Сунув листы в сумку, я метнулась к чемоданам, перебрала рисунки, но настолько старых больше не нашла. Видимо, Иза их все достала. И развесила. А матушка заметила, стащила изображения неправильных людей и хотела спалить. Почему именно их?! Может, она что-то знает?
Мне надо обязательно с ней встретиться!
Глава 21
Светящийся, точно гнилушка, ежик с любопытством таращился на меня. Среди его колючек белели не то гребни, не то острые косточки.
Эх… Нежить вызвалась, но какая-то мелкая. Или это она днем скукожилась?
Я вопросительно покосилась на Дамиана.
Он сидел на большом камне и так внимательно рассматривал старинный погост, заросший травой и кустами, словно впервые его видел.
Тряхнув кистями, я вскинула руки, чтобы направить на ежика лиловый туман.
Задание было то же, что и в прошлый раз: научиться избавлять немертвое от посмертного существования. Но развеивать ежика не хотелось.
Он громко фыркал, забавно дергал носом… Совсем как живой. К тому же явился подозрительно быстро. Только дошли до залитого солнцем погоста, едва позвала – и вот он, сидит.
– Это точно нежить? – Опуская руки, я с сомнением оглядела ежа.

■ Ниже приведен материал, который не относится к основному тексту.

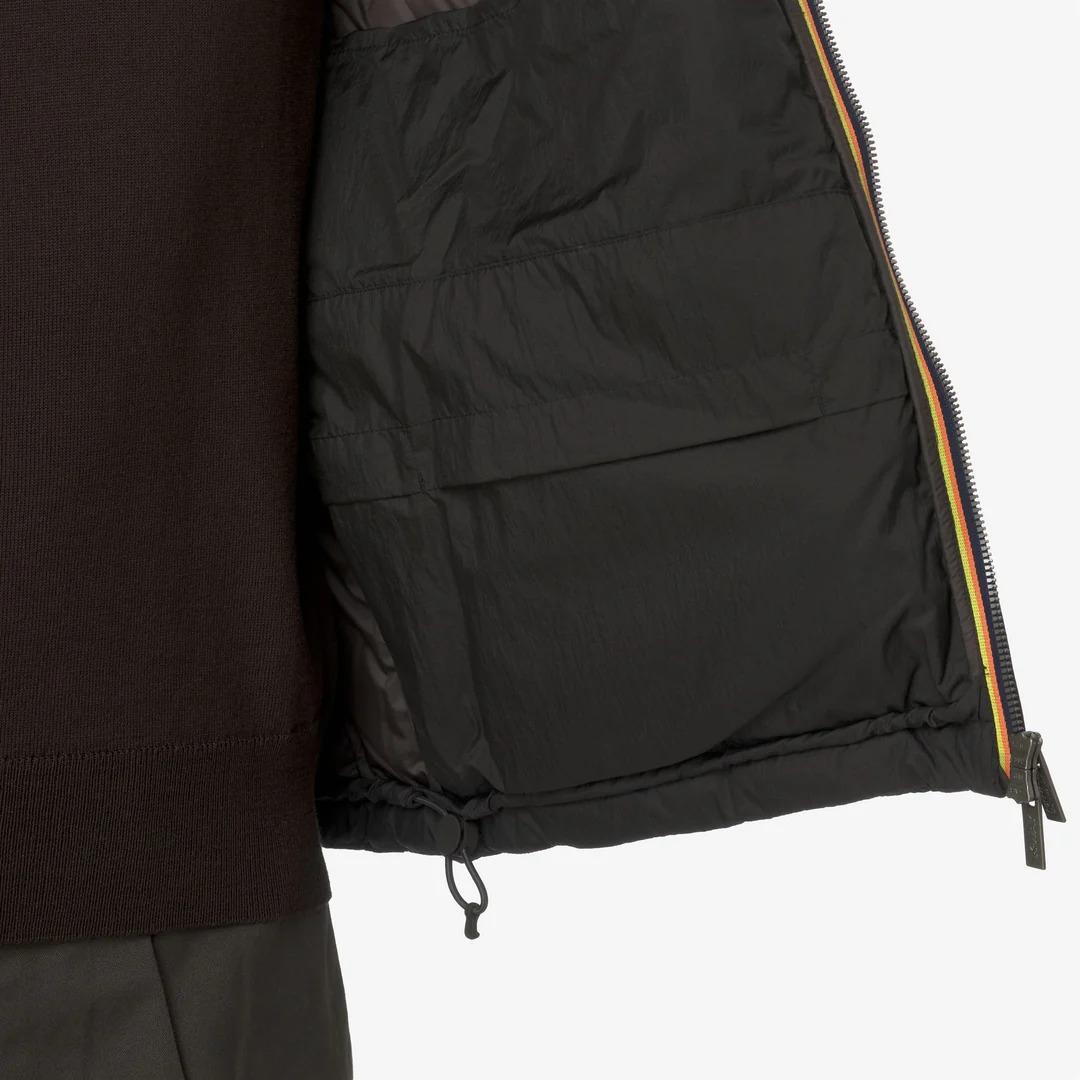 QUILL THERMO LIGHT RIPSTOP<BR/>BLACK OLIVE COMBO<BR/>Piumino corto da uomo in oliva nero con isolamento in piuma K7136GW B38 K-WAY
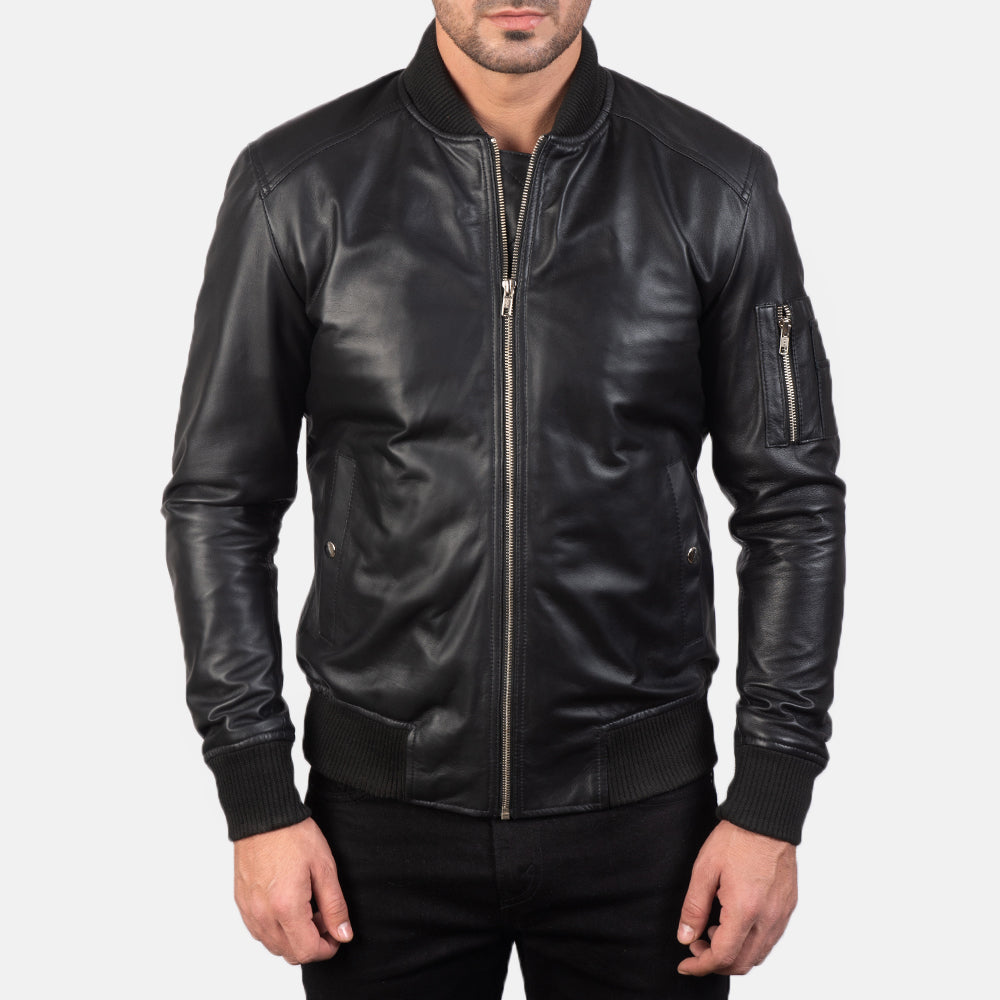 
Dettaglio ravvicinato of Rib Knit & Zipper Hardware on Bomia Ma-1 Black Leather Bomber Jacket
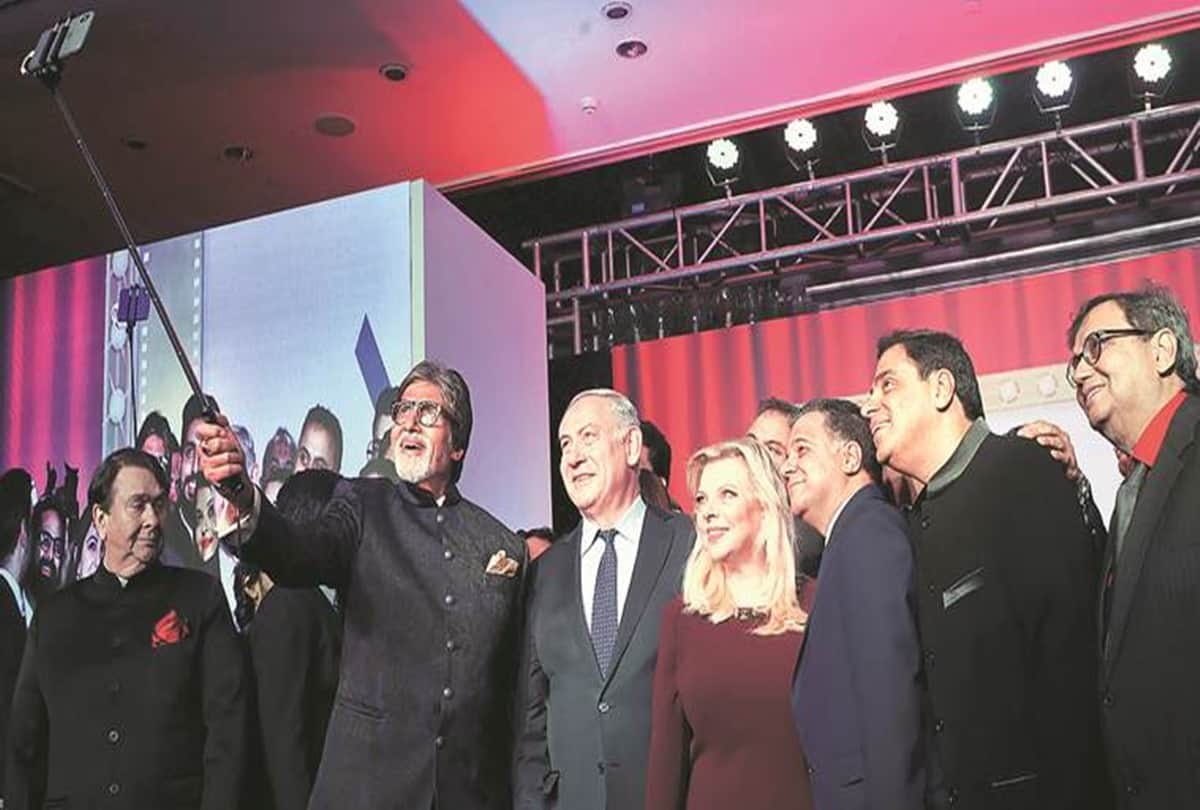 Shalom Bollywood Amitabh Bachchan takes a selfie with Israeli PM Benjamin Netanyahu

– А что ваше общее с драконом чутье говорит? – прищурился Дамиан.
Ну что за привычка отвечать вопросом на вопрос!
– Молчит, – пробурчала я, прислушиваясь к сонному порыкиванию.

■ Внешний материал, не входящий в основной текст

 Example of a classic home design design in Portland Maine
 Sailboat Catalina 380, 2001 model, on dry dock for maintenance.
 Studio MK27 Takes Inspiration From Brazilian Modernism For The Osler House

Рэйнар по прилете на погост заявил, что, пока я наматываю мили в поисках нежити, он немного отдохнет, погреется на солнышке. Улегся на лугу неподалеку и задрых…
– Может, наше чутье спит, если спит фамильяр? – Я с надеждой глянула на Дамиана.

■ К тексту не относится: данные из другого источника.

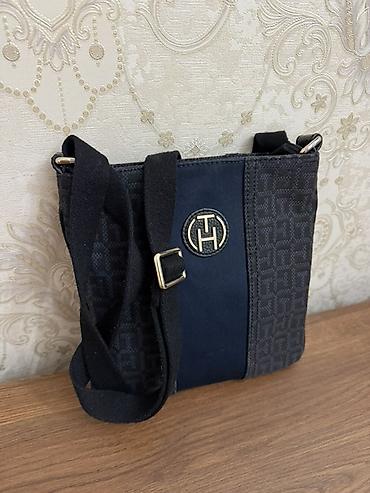 Çiyin çantası, Tommy Hilfiger, İşlənmiş
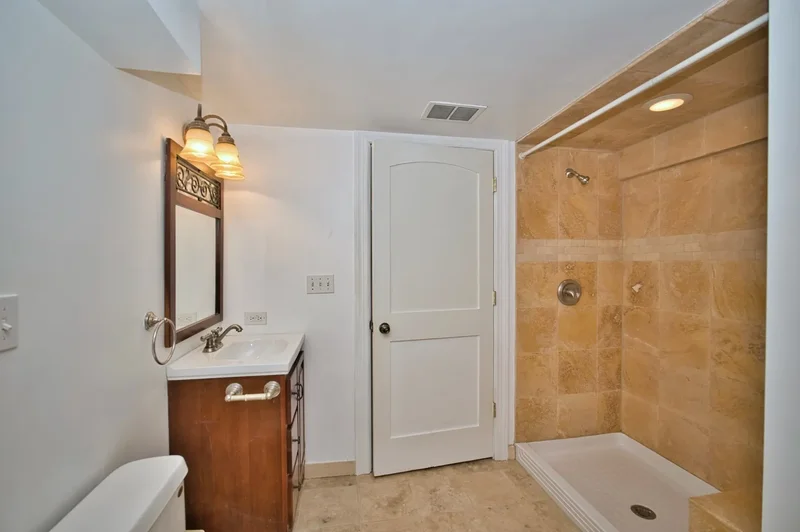 6835 Lavergne Avenue, Skokie, IL 60077, Skokie, Illinois, United States. - Photo 26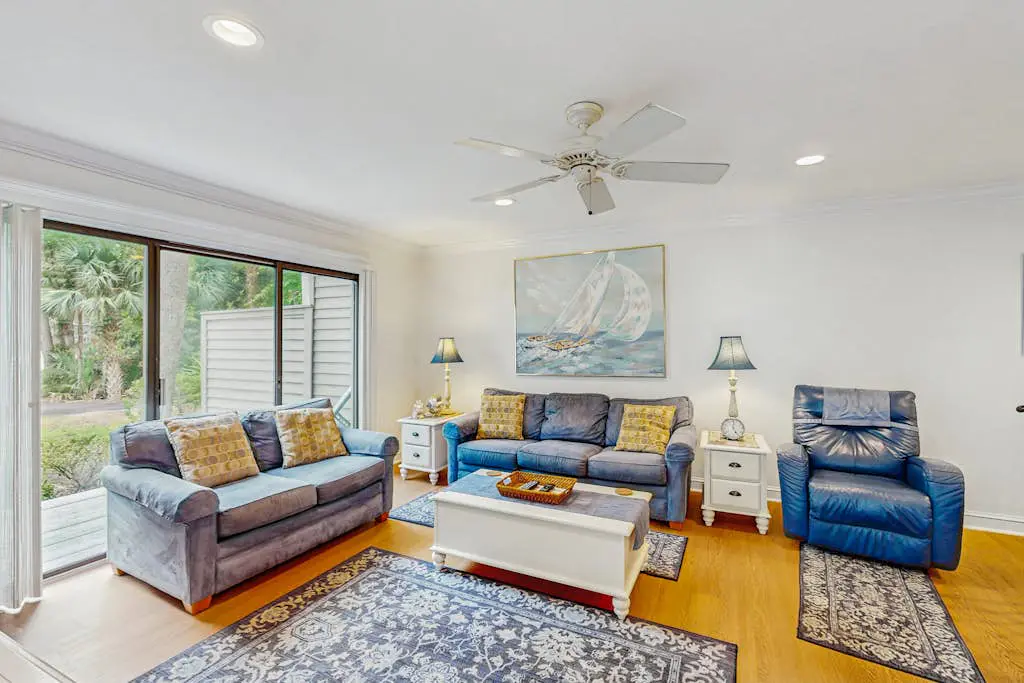 Family-Friendly Townhome with Shared Pool, Golf Course Views, and Beach Access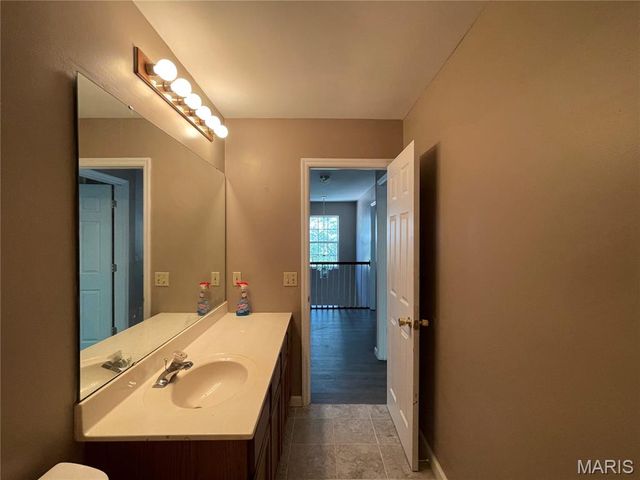 636 Canary Estates Drive, Ballwin, MO 63021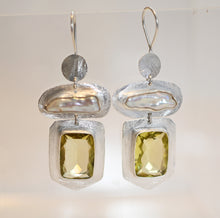 Biwa Pearl and Gemstone- Hook Earrings pattern finish Lux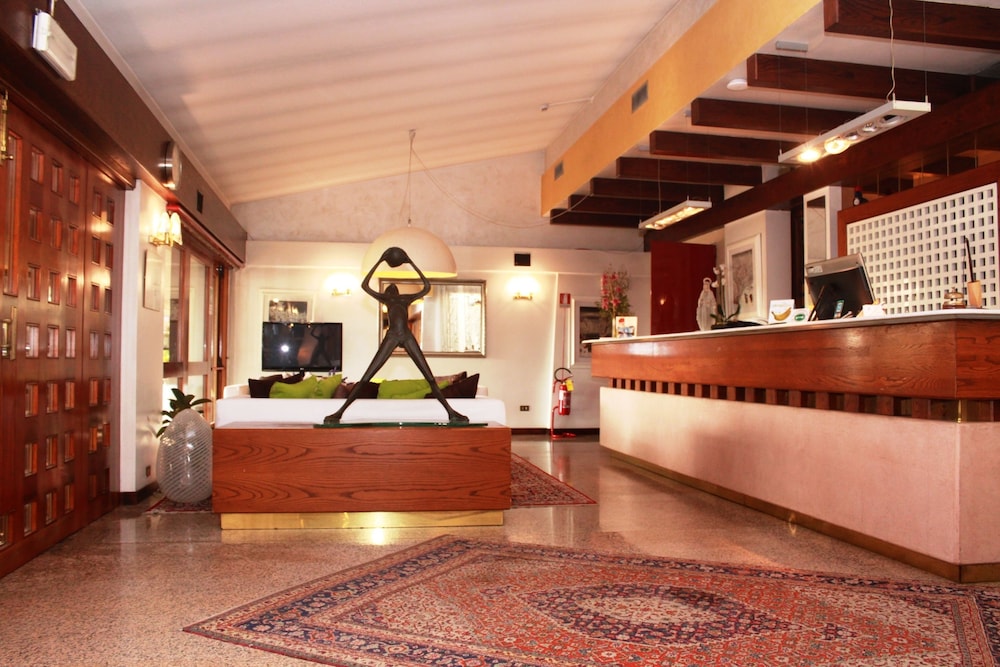 hotel posta 77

– Нет. – Карие глаза весело блеснули.
Ладно.
Если чутье молчит… Хотя оно и в прошлый раз молчало. Или нет? Когда всплыла черепушка, я весьма бодро испугалась. И показала ловцу чудеса прыганья. Так, может, это оно было, чутье?
Ерунда какая-то. Никогда не слышала о приступах пугливости или любви к успокоительным зельям у некромантов. Но вдруг…
– Эм-м-м… – осторожно заговорила я, подбирая каждое слово. – Некроманты всегда нежити боятся?
«Не боятся!» – фыркнул неожиданно пробудившийся Рэйнар.
– Не всегда, – ответил Дамиан.
– Не понимаю, – честно призналась я.
«Слушай ловца, у него лучше объяснять выходит». – Крылатый лентяй зевнул.